La prise de position de Brizé est particulièrement lisible lorsqu’il parle de son empathie pour ces acteurs non-professionnels. Vis-à-vis de ses acteurs d’un jour, le réalisateur ménage chèvre et chou, distribue bons points à tous, acteurs, non-acteurs : «Je doute qu’ils sachent faire ce que des acteurs font mais ce qu’ils font, je pense qu’aucun acteur n’est capable de le faire». Dans le Monde de Brizé, on montre la servitude mais on ne nomme pas le système capitaliste qui la crée. Et on peut arriver à la conclusion bien peu concluante qu’il faudrait prendre le Monde tel qu’il est, avec ses sacrifiés christiques broyés par une Machine innommable.
Le capitalisme, c’est tellement caca qu’on demande aux enfants de ne pas dire ce mot.
Bon, je pensais aller voir ce film mais puisque tu me dis d’économiser mes sous pour autre chose de plus intéressant…
@Partageux
Ah non, je ne t’incite pas à ne pas aller le voir. Au contraire. Bien au contraire.
Toujours très sain de se confronter à des films qui vous « résistent », des films qui nous mettent à l’épreuve de répondre en quoi on est ou pas d’accord.
Salubrité personnelle.
Enfin, à la relecture, c’est vrai que je n’ai pas beaucoup insisté sur les « qualités » du film ( mais j’ai la flemme de faire un autre billet là-dessus).
Bibien à toi.
Bonjour,
Très intéressant. Enfin une voix discordante. Je n’ai pas (encore) vu le film. Mais l’évitement d’une analyse critique du capitalisme et le jeu caricatural de Vincent Lindon (ce qu’il fait en effet le mieux: les chiens battus, jusqu’aux yeux et aux oreilles) m’avaient été suggérés par les commentaires de la presse. Pas étonnant que Valls ait salué le film…
@poliproductions
Je pense qu’à me lire, certains pourraient croire qu’il faut faire ci, faire ça, qu’il faut faire oeuvre politique, réduisant ainsi l’oeuvre d’Art au slogan etc.
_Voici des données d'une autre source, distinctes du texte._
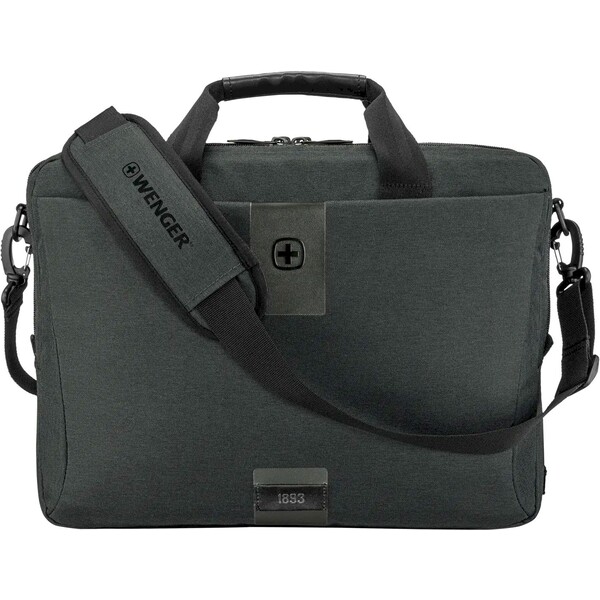 WENGER-MX-ECO-BRIEF-16-brasna-na-notebook-seda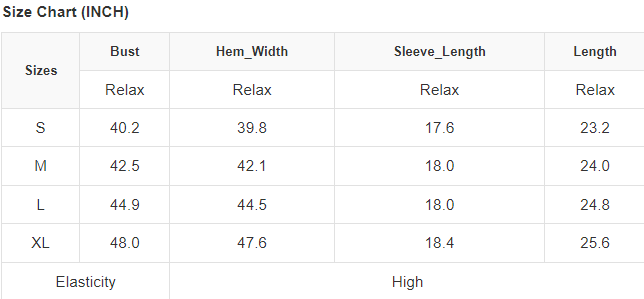 Mock Neck Checkered Textured Sweater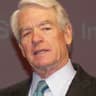Charles Schwab & Co. may skip out of San Francisco entirely with Google, Facebook and Salesforce driving rents and talent costs sky high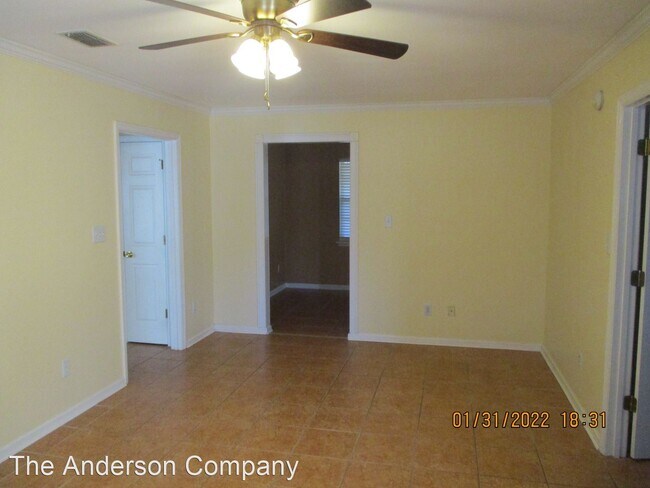 Foto del edificio - 4 br, 2 bath House - 115 Dru Ct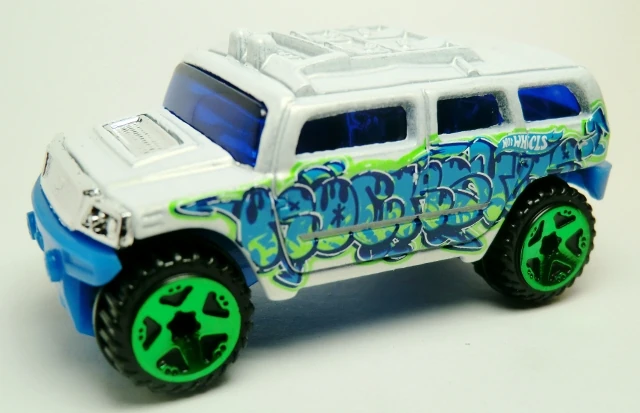 Rockster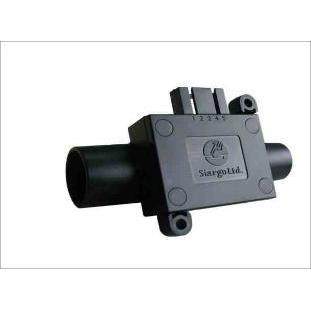 流量传感器 FS4008-20-06-CV-A 原装正品 现货出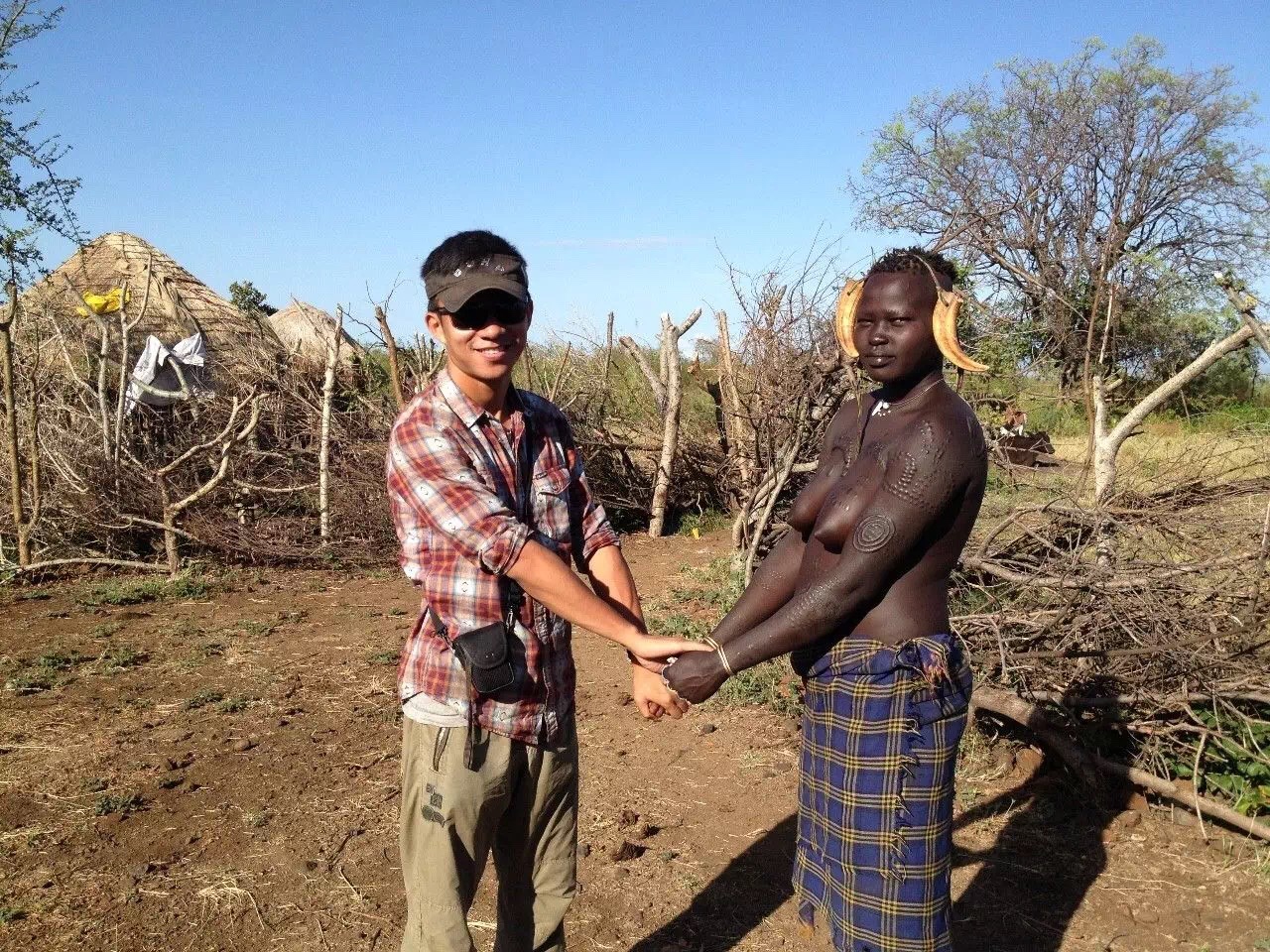 懒猫旅行最新视频,懒猫旅行ceo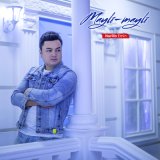 Песня Nurillo Emin - Mayli-mayli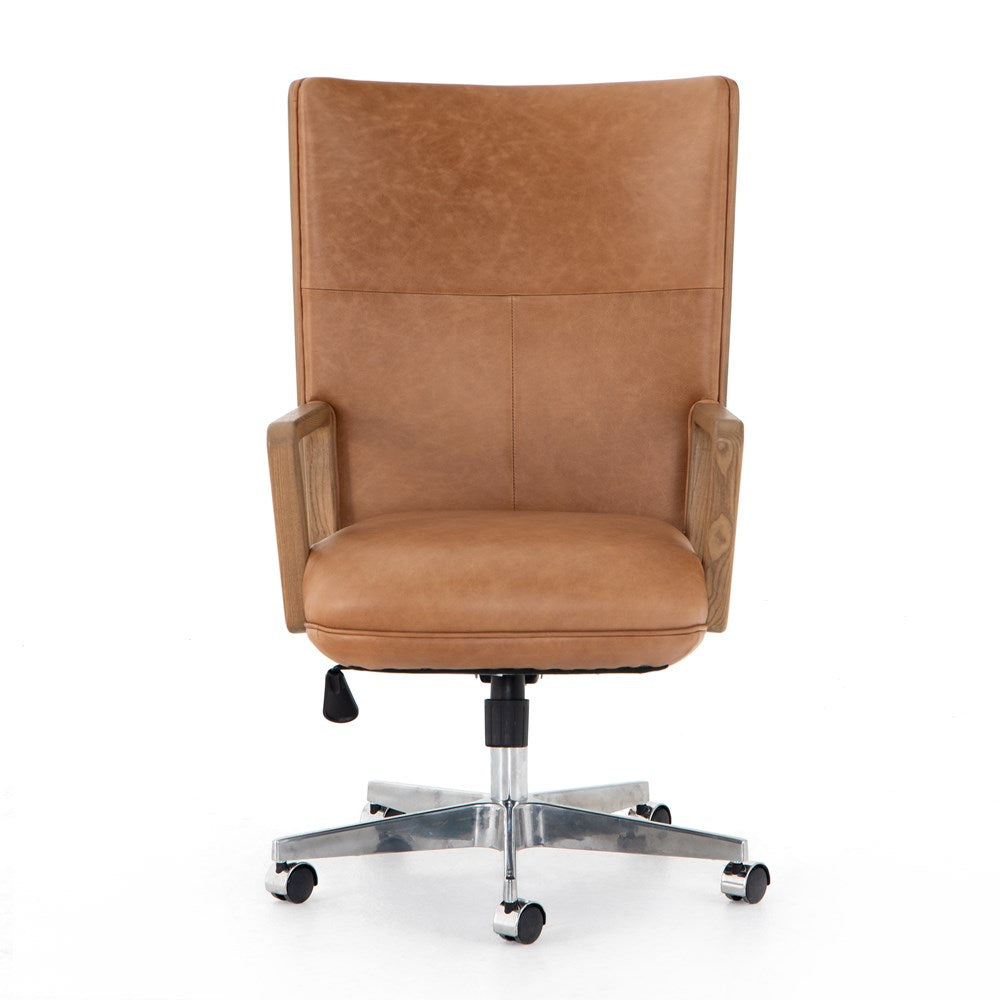 Four Hands, Cohen Desk Chair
Loin de moi cette idée car je considère que l’oeuvre d’art a une autonomie relative vis à vis du politique et de l’économique. Chez Brizé le travail sur la forme, c’est des séquences longues où il prend son temps (interview d’embauche via Skype, visite du mobile-home, rendez-vous pour l’orientation du fils etc). Bon, pourquoi pas : ça veut prendre le contrepied dominant qui veut qu’on filme en clip et en zapping (pour montrer probablement le vide qui traverse le héros).
Mais même si cela n’est pas forcément une innovation, là-dessus, rien vraiment à dire contre.
Mes gênes sont ailleurs… principalement sur la superposition (et la confusion) du courage individuel avec un éloge (critiquable de mon point de vue) de l’individualisme.
Enfin, il faut aller voir le film.
Oui, je vais y aller. Tout à fait d’accord: le cinéma de propagande est insupportable (et de triste mémoire). Toutefois, et c’est je crois ce que vous dites, quand on aborde la loi du marché, oblitérer ses conditions économiques et politiques sous cet éloge, c’est pratiquement faire la propagande du système d’exploitation qu’elle commande.
Hélas, oui.
Bibi, il faut voir ce film et lire surtout ce chapitre remarquable sur la formation de la Cité par projets (dans Le nouvel esprit du capitalisme) parce qu’il nous apprend beaucoup de choses justes sur notre monde d’aujourd’hui. La connaissance de la littérature du management m’a donné les moyens de résister aux discours de dirigeants qui ont essayé de me convertir au « toyotisme » et de me transformer en militant du capital (sans le nommer, bien sûr).
@RobertSpire
Tu n’as pas été sans remarquer que la photo qui ouvre mon billet est la couverture de ce très très grand livre d’Eve Chiapello et Luc Boltanski « Le Nouvel Esprit du Capitalisme » chez Gallimard qui reste mon livre de chevet et dont le chapitre sur La Cité par projets est essentiel.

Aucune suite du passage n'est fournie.